Si Corea del Norte tenía como objetivo contraprogramar los Juegos, o utilizarlos en beneficio propio, es obvio que lo está consiguiendo. Ya lo intentó en 1988, con catastróficos resultados. La última vez que Corea del Sur albergó unos Juegos, el Norte fue tan lejos en su intento de restar atención a Seúl que llevó a su economía a la perdición y a su pueblo a la hambruna. La organización del Festival Mundial de Juventud en julio de 1989 supuso un gasto de miles de millones. Para demostrar su política de autosuficiencia, el Norte invitó a delegaciones de más de 170 países para una semana de exhibiciones, seminarios, competiciones y actuaciones musicales. Se construyó un hotel de 105 plantas que aún no se ha terminado, estaciones de metro decoradas con mármol, una réplica del Arco del Triunfo y un estadio para 150.000 espectadores. También se importaron más de mil Mercedes para acomodar a los invitados más influyentes.

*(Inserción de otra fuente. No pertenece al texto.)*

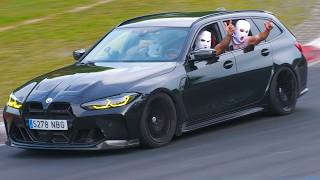 NÜRBURGRING BAD DRIVERS, FAST BIKERS, FAILS & Highlights Touristenfahrten Nordschleife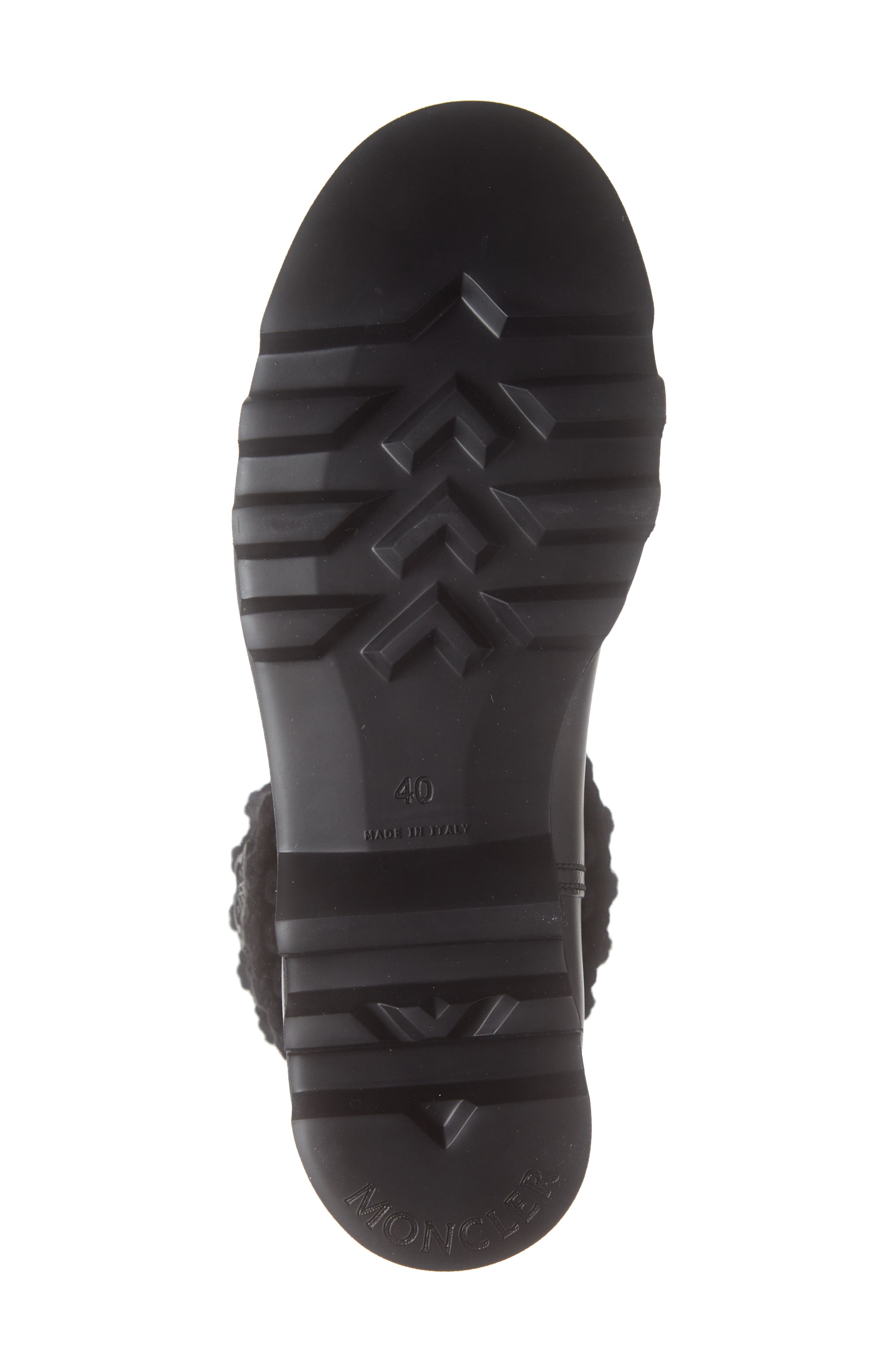 Moncler Ginette Waterproof Rain Boot, Alternate, color, 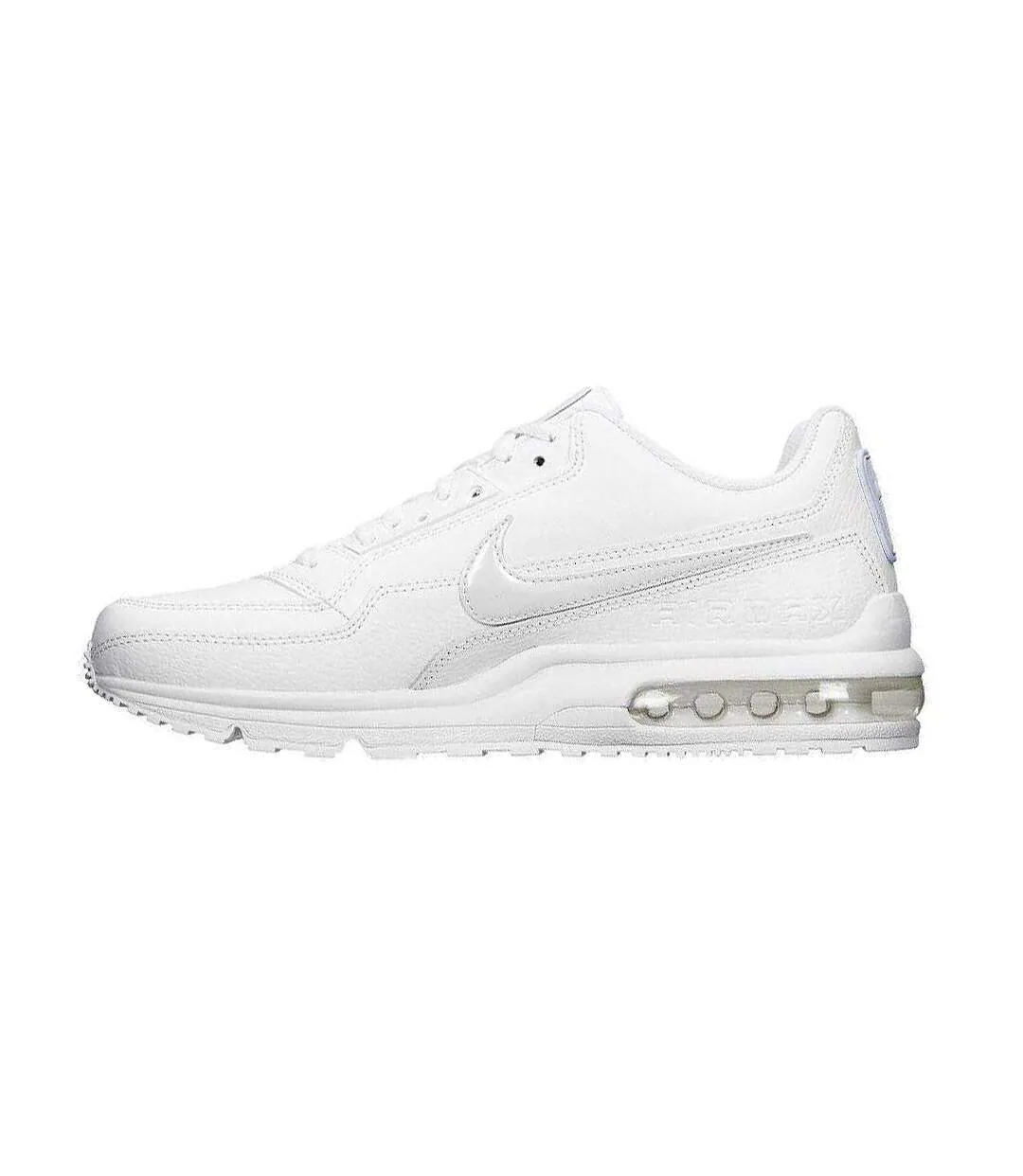 Mens Air Max Ltd 3 Leather Trainers White Nike-3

El Festival dejó prácticamente en la bancarrota las arcas del gobierno pocos meses antes de la caída del Muro de Berlín. La retirada de los subsidios para los alimentos por parte de China y la Unión Soviética, los desastrosos efectos de la colectivización agrícola y las inundaciones seguidas de una pertinaz sequía, provocaron una hambruna que mató entre dos y tres millones de coreanos.
Ahora todo es distinto, por fortuna. Corea del Norte ha aprendido que el deporte no es un enemigo, sino un motor para los cambios, tal y como demostró la diplomacia del ping-pong en 1971. Entonces, el equipo de tenis de mesa de Estados Unidos aceptó la invitación del gobierno de la China comunista para jugar un torneo amistoso y terminar con un bloqueo que tenía más de veinte años, lo que propició un posterior encuentro entre Richard Nixon y Mao.
Igual que sucedió hace casi medio siglo, la victoria deportiva es lo menos importante. Hace 46 años, los americanos perdieron al ping-pong contra los chinos, pero ganaron mucho más; hace dos días, el equipo de hockey de la Corea unificada cayó contra Suiza por 8-0. Cada gol en contra era recibido con un grito de ánimo por un centenar de cheerleaders norcoreanas, uniformadas con chándales rojos y gorras blancas. En el palco se encontraban el presidente de Corea del Sur, Moon Jae-in, y Kim Jo Yong, la hermana del dictador de Corea del Norte. Y no parecían muy afligidos por la derrota.